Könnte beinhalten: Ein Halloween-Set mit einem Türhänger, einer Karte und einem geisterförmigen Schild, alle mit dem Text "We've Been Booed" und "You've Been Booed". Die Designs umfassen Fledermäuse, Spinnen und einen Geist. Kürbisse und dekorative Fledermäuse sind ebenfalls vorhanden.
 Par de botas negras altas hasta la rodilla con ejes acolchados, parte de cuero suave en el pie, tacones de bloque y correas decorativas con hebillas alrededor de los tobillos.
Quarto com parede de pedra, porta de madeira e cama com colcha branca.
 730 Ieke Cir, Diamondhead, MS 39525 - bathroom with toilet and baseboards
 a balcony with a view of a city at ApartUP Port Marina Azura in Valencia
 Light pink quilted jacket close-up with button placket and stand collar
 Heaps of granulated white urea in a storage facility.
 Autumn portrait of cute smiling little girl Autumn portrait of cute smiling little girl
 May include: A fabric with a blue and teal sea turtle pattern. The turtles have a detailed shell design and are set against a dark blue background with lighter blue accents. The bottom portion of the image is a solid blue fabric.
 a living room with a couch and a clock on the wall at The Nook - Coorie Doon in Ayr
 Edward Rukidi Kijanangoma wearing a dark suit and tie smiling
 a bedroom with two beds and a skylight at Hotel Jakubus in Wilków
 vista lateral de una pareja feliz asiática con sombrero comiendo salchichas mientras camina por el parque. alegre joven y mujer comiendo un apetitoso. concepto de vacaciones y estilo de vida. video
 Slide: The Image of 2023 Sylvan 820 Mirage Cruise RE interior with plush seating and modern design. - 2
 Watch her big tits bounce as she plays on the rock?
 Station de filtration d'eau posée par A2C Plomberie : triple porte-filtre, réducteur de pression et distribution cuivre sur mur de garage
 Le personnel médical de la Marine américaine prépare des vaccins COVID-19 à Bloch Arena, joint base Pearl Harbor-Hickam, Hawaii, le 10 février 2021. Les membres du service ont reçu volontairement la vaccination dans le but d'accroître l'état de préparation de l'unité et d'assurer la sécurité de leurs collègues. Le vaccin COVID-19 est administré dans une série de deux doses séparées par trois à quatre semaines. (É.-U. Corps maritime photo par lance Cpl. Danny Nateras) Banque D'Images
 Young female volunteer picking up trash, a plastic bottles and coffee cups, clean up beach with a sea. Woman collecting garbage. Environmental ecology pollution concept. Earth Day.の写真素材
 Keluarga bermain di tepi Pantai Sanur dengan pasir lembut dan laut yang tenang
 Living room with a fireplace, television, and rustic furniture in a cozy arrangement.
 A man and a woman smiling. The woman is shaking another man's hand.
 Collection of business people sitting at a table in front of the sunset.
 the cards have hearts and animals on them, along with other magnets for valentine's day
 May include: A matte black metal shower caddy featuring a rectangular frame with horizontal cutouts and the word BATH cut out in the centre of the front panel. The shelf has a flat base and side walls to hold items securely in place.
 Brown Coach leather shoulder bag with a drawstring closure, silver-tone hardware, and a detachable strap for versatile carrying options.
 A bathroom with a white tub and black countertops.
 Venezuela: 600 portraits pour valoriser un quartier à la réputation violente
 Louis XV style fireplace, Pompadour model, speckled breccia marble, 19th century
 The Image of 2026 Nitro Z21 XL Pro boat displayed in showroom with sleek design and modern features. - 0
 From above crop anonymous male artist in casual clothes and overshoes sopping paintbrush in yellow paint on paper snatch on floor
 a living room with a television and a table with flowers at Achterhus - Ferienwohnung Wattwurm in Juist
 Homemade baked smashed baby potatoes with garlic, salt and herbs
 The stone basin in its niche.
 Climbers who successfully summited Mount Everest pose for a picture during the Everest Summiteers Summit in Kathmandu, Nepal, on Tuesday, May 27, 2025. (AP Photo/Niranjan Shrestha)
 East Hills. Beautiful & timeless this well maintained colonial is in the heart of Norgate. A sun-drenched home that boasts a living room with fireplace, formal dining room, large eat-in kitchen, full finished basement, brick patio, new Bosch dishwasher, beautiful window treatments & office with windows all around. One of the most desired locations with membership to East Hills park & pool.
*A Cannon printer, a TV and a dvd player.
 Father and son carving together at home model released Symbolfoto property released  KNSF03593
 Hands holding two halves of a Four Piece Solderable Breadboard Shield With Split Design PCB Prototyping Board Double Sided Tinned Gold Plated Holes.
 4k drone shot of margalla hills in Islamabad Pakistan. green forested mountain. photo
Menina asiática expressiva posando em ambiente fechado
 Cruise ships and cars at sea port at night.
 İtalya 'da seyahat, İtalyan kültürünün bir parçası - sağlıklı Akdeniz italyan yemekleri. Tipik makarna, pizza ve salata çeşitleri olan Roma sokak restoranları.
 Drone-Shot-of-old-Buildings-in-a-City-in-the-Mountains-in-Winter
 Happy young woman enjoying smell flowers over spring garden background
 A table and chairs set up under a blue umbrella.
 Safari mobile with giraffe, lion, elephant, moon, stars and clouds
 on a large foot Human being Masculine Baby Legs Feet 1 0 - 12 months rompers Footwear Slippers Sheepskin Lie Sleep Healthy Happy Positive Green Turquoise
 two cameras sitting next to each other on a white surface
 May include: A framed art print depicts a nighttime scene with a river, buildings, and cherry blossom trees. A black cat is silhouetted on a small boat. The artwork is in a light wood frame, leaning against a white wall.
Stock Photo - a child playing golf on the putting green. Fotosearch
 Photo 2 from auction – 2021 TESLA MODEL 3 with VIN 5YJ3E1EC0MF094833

» **ACTION ITEM**
All of the data above needs to be written out again, exactly.

» **EXERCISE ANSWER**
Könnte beinhalten: Ein Halloween-Set mit einem Türhänger, einer Karte und einem geisterförmigen Schild, alle mit dem Text "We've Been Booed" und "You've Been Booed". Die Designs umfassen Fledermäuse, Spinnen und einen Geist. Kürbisse und dekorative Fledermäuse sind ebenfalls vorhanden.
 Par de botas negras altas hasta la rodilla con ejes acolchados, parte de cuero suave en el pie, tacones de bloque y correas decorativas con hebillas alrededor de los tobillos.
Quarto com parede de pedra, porta de madeira e cama com colcha branca.
 730 Ieke Cir, Diamondhead, MS 39525 - bathroom with toilet and baseboards
 a balcony with a view of a city at ApartUP Port Marina Azura in Valencia
 Light pink quilted jacket close-up with button placket and stand collar
 Heaps of granulated white urea in a storage facility.
 Autumn portrait of cute smiling little girl Autumn portrait of cute smiling little girl
 May include: A fabric with a blue and teal sea turtle pattern. The turtles have a detailed shell design and are set against a dark blue background with lighter blue accents. The bottom portion of the image is a solid blue fabric.
 a living room with a couch and a clock on the wall at The Nook - Coorie Doon in Ayr
 Edward Rukidi Kijanangoma wearing a dark suit and tie smiling
 a bedroom with two beds and a skylight at Hotel Jakubus in Wilków
 vista lateral de una pareja feliz asiática con sombrero comiendo salchichas mientras camina por el parque. alegre joven y mujer comiendo un apetitoso. concepto de vacaciones y estilo de vida. video
 Slide: The Image of 2023 Sylvan 820 Mirage Cruise RE interior with plush seating and modern design. - 2
 Watch her big tits bounce as she plays on the rock?
 Station de filtration d'eau posée par A2C Plomberie : triple porte-filtre, réducteur de pression et distribution cuivre sur mur de garage
 Le personnel médical de la Marine américaine prépare des vaccins COVID-19 à Bloch Arena, joint base Pearl Harbor-Hickam, Hawaii, le 10 février 2021. Les membres du service ont reçu volontairement la vaccination dans le but d'accroître l'état de préparation de l'unité et d'assurer la sécurité de leurs collègues. Le vaccin COVID-19 est administré dans une série de deux doses séparées par trois à quatre semaines. (É.-U. Corps maritime photo par lance Cpl. Danny Nateras) Banque D'Images
 Young female volunteer picking up trash, a plastic bottles and coffee cups, clean up beach with a sea. Woman collecting garbage. Environmental ecology pollution concept. Earth Day.の写真素材
 Keluarga bermain di tepi Pantai Sanur dengan pasir lembut dan laut yang tenang
 Living room with a fireplace, television, and rustic furniture in a cozy arrangement.
 A man and a woman smiling. The woman is shaking another man's hand.
 Collection of business people sitting at a table in front of the sunset.
 the cards have hearts and animals on them, along with other magnets for valentine's day
 May include: A matte black metal shower caddy featuring a rectangular frame with horizontal cutouts and the word BATH cut out in the centre of the front panel. The shelf has a flat base and side walls to hold items securely in place.
 Brown Coach leather shoulder bag with a drawstring closure, silver-tone hardware, and a detachable strap for versatile carrying options.
 A bathroom with a white tub and black countertops.
 Venezuela: 600 portraits pour valoriser un quartier à la réputation violente
 Louis XV style fireplace, Pompadour model, speckled breccia marble, 19th century
 The Image of 2026 Nitro Z21 XL Pro boat displayed in showroom with sleek design and modern features. - 0
 From above crop anonymous male artist in casual clothes and overshoes sopping paintbrush in yellow paint on paper snatch on floor
 a living room with a television and a table with flowers at Achterhus - Ferienwohnung Wattwurm in Juist
 Homemade baked smashed baby potatoes with garlic, salt and herbs
 The stone basin in its niche.
 Climbers who successfully summited Mount Everest pose for a picture during the Everest Summiteers Summit in Kathmandu, Nepal, on Tuesday, May 27, 2025. (AP Photo/Niranjan Shrestha)
 East Hills. Beautiful & timeless this well maintained colonial is in the heart of Norgate. A sun-drenched home that boasts a living room with fireplace, formal dining room, large eat-in kitchen, full finished basement, brick patio, new Bosch dishwasher, beautiful window treatments & office with windows all around. One of the most desired locations with membership to East Hills park & pool.
*A Cannon printer, a TV and a dvd player.
 Father and son carving together at home model released Symbolfoto property released  KNSF03593
 Hands holding two halves of a Four Piece Solderable Breadboard Shield With Split Design PCB Prototyping Board Double Sided Tinned Gold Plated Holes.
 4k drone shot of margalla hills in Islamabad Pakistan. green forested mountain. photo
Menina asiática expressiva posando em ambiente fechado
 Cruise ships and cars at sea port at night.
 İtalya 'da seyahat, İtalyan kültürünün bir parçası - sağlıklı Akdeniz italyan yemekleri. Tipik makarna, pizza ve salata çeşitleri olan Roma sokak restoranları.
 Drone-Shot-of-old-Buildings-in-a-City-in-the-Mountains-in-Winter
 Happy young woman enjoying smell flowers over spring garden background
 A table and chairs set up under a blue umbrella.
 Safari mobile with giraffe, lion, elephant, moon, stars and clouds
 on a large foot Human being Masculine Baby Legs Feet 1 0 - 12 months rompers Footwear Slippers Sheepskin Lie Sleep Healthy Happy Positive Green Turquoise
 two cameras sitting next to each other on a white surface
 May include: A framed art print depicts a nighttime scene with a river, buildings, and cherry blossom trees. A black cat is silhouetted on a small boat. The artwork is in a light wood frame, leaning against a white wall.
Stock Photo - a child playing golf on the putting green. Fotosearch
 Photo 2 from auction – 2021 TESLA MODEL 3 with VIN 5YJ3E1EC0MF094833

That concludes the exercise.